Este livro escrito sobre Judélio Carmo é um registro histórico e uma merecida homenagem para o homem que inaugurou a modernidade em Alagoinhas, ele catalisou as forças progressistas de sua época, colocou estas mentes para pensar a cidade, enquanto ele mesmo era uma usina de produzir inovações jamais imaginadas, por isto foi bem achado o título: "O semeador de utopias". "Se o poeta é que sonha o que vai ser real, bom sonhar coisas boas que o homem faz e esperar pelos frutos no quintal", diz a música cantada por Milton Nascimento. Mas Judélio não era de esperar, corria atrás, era um visionário obstinado. 


Com esta obra,  a cidade ganha duplamente, estabelece um marco temporal, um retrato de época importante e recebe referenciais significantes e uma noção de processo, de que nada surge do nada.

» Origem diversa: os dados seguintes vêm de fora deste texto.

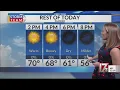 Laura Smith s noon forecast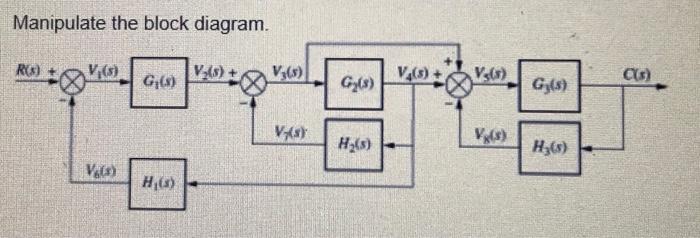 Manipulate The Block Diagram Res V3 S Ovgi Vas V V508 Co Gy S Gy 8 Vast Hz S V S H205 Ve H 3 1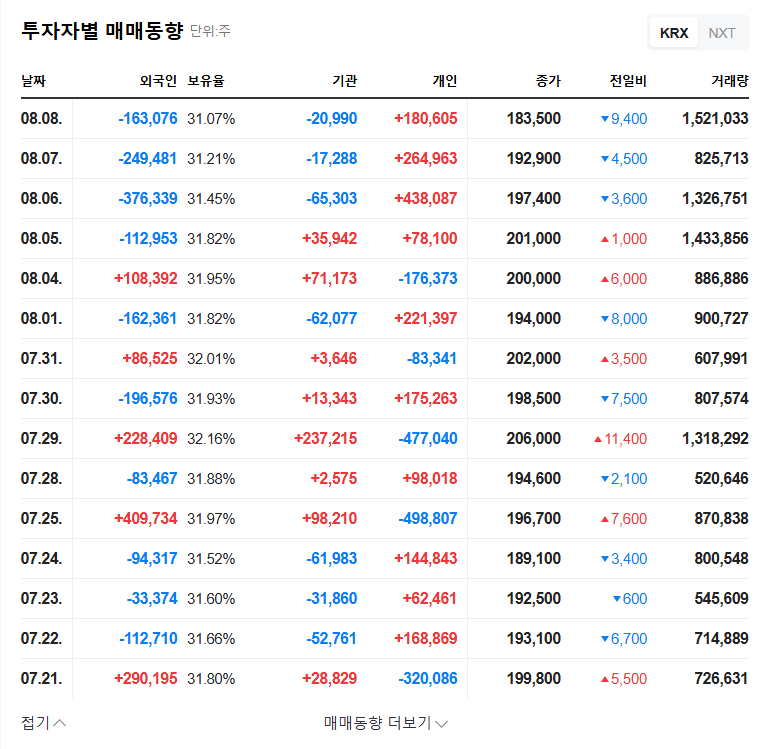 Hyundai Rotem's Q2 Earnings and Future Strategy: What to Expect from the Upcoming IR? 관련 이미지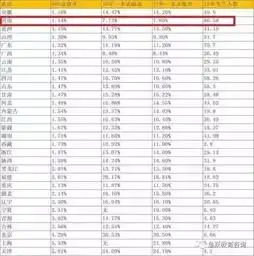27个热门专业全解读,大学四年学什么就业前景如何
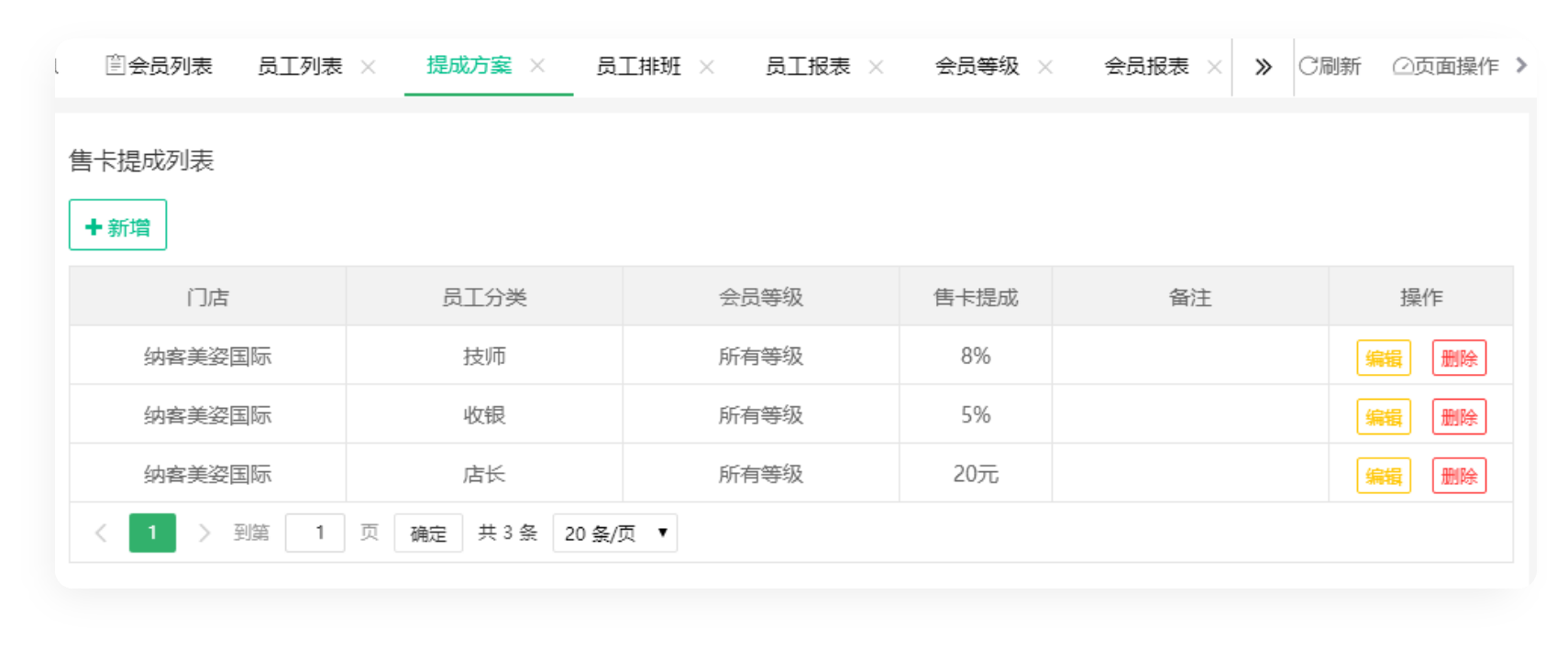 理发店员工提成管理系统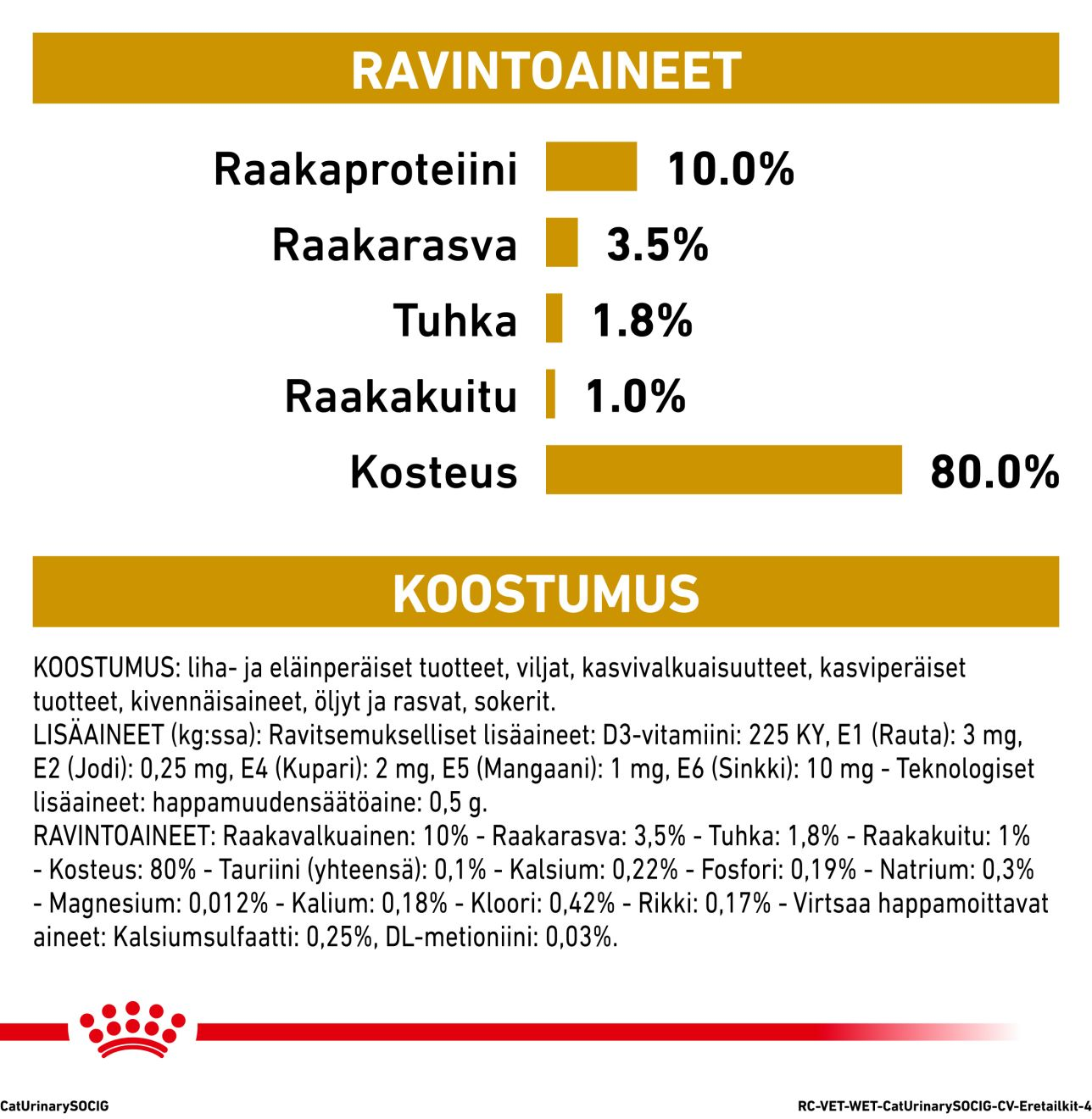 Royal Canin Veterinary Diets Urinary S/O Morcels in Gravy Pouch 12x85g kissan märkäruoka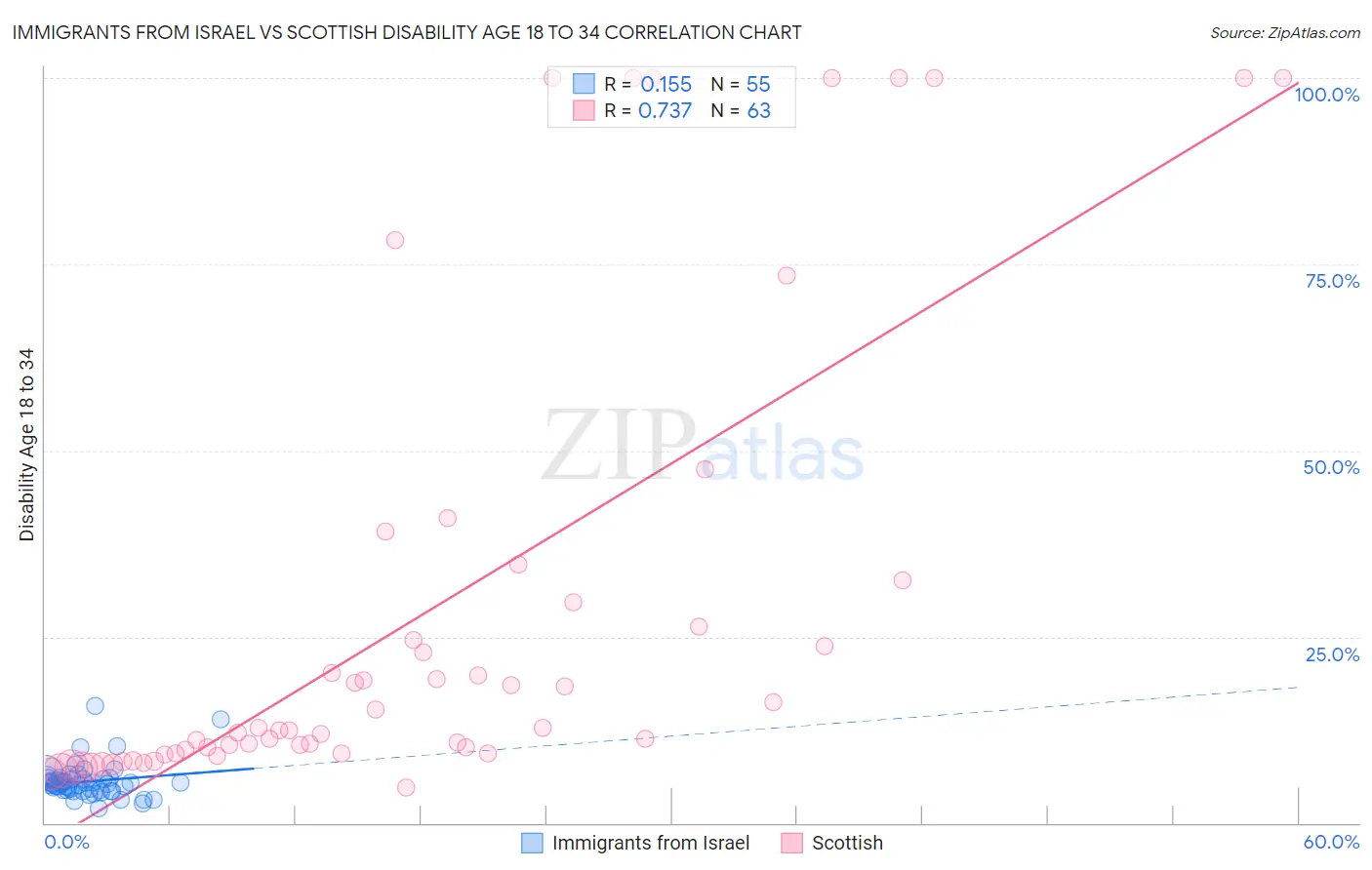 Immigrants from Israel vs Scottish Disability Age 18 to 34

Só a memória histórica faz de um aglomerado humano, um povo. Vamos muito agradecer este presente dos seus autores Luiz Eudes e Tom Torres. Estamos falando de um personagem ímpar, que foi vereador aos 21 anos(1966), duas vezes prefeito(1972/1982), assessor do secretário de Governo Murilo Leite (1990) e vice-prefeito (1996).


Assim ele descobriu que Alagoinhas está sobre um imenso rio de água com qualidade semelhante à mineral e que é uma das melhores do mundo. Pensou um polo cervejeitro 30 anos antes deste se consolidar. Falou em industrialização quando só existiam roças e comércio e cada um olhava para o seu umbigo, criou um distrito industrial, trouxe uma fábrica de beneficiamento de couro, com exportações para vários países e atraiu para o município o Projeto Cura, que deu início a remodelagem do centro urbano, inaugurando a macro drenagem, criando novas vias e novos espaços. Queria seguir, mas a oposição impediu que a revolução acontecesse. O CURA precisava continuar, serem tomadas outras parcelas de crédito para a realização de novos projetos.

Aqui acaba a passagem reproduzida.